Bill S-7 is the latest attempt by the federal government to re-introduce controversial and troubling provisions from the Anti-Terrorism Act, passed in the aftermath of 9-11. These include “investigative hearings”, which compel individuals to testify in secret before a judge, and “preventive arrests”, allowing police to lock people up for up to three days without charge. Those provisions expired in 2007 as the result of a “sunset clause” when a majority of Parliament deemed them to be unnecessary, and voted against their extension. Bill S-7 also goes beyond the original 2001 legislation by creating new offences under the Criminal Code which are premised on very broad definitions of terrorist activity and what would constitute participation in such activity. These new offences run the real risk of criminalizing legitimate forms of political dissent.
Micheal Vonn, Policy Director of the BCCLA, said: “Bill S-7 is unnecessary. It is telling that every major terrorism-related incident in Canada since the introduction of terrorism legislation has been investigated and prevented without any need to use these special powers. The existing Criminal Code is the most effective and appropriate tool to counter terrorism in Canada, as seen by the recent arrests in Montreal and Toronto of terror suspects alleged to be involved in a plot to derail a train.”

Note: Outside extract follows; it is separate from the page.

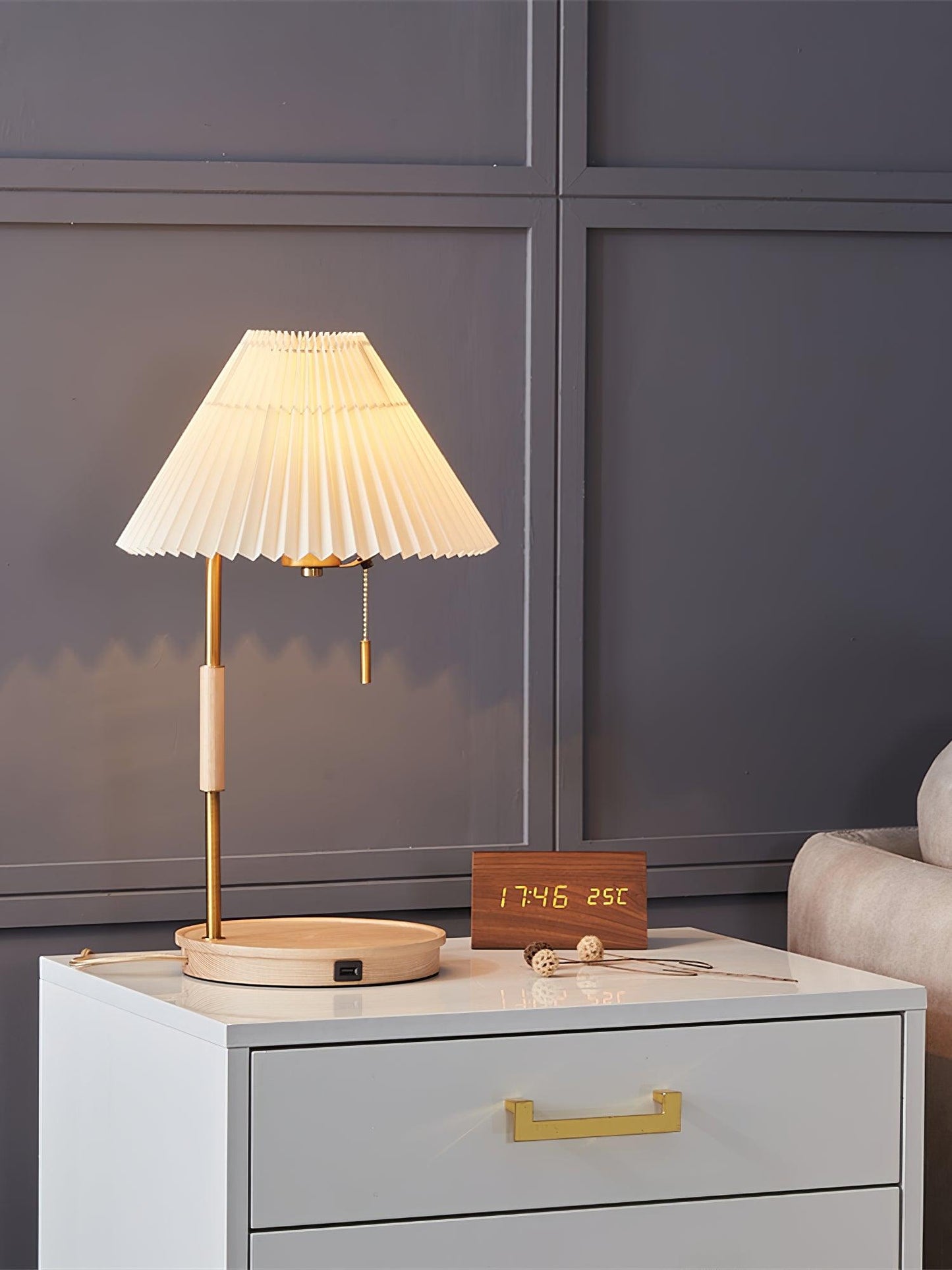 Pleated Retro Wooden Table Lamp - Dimmable LED, Adjustable Shade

Under Bill S-7, individuals could be stripped of their constitutional rights and be forced to testify in court, arrested, detained or made subject to bail conditions – all without any charges being laid. Individuals will have no right to know and no opportunity to challenge the basis of their so-called preventive arrest, or the requirement to attend investigative hearings.
Vonn added: “It is morally and constitutionally repugnant to consider locking someone away for up to a year with no criminal charge. This Bill threatens ancient, precious and hard-won democratic safeguards, and Parliament must exercise extreme caution. Canadians deserve no less than Parliament taking a sober second look at this Senate Bill, instead of rushing to pass legislation in a climate of fear.”
The BCCLA appeared before parliamentary committee in November 2012 to highlight its concerns that these measures would likely have no demonstrable effect on combating terrorism, but they would certainly erode the core democratic principles and ideals that all Canadians have an interest in seeing protected.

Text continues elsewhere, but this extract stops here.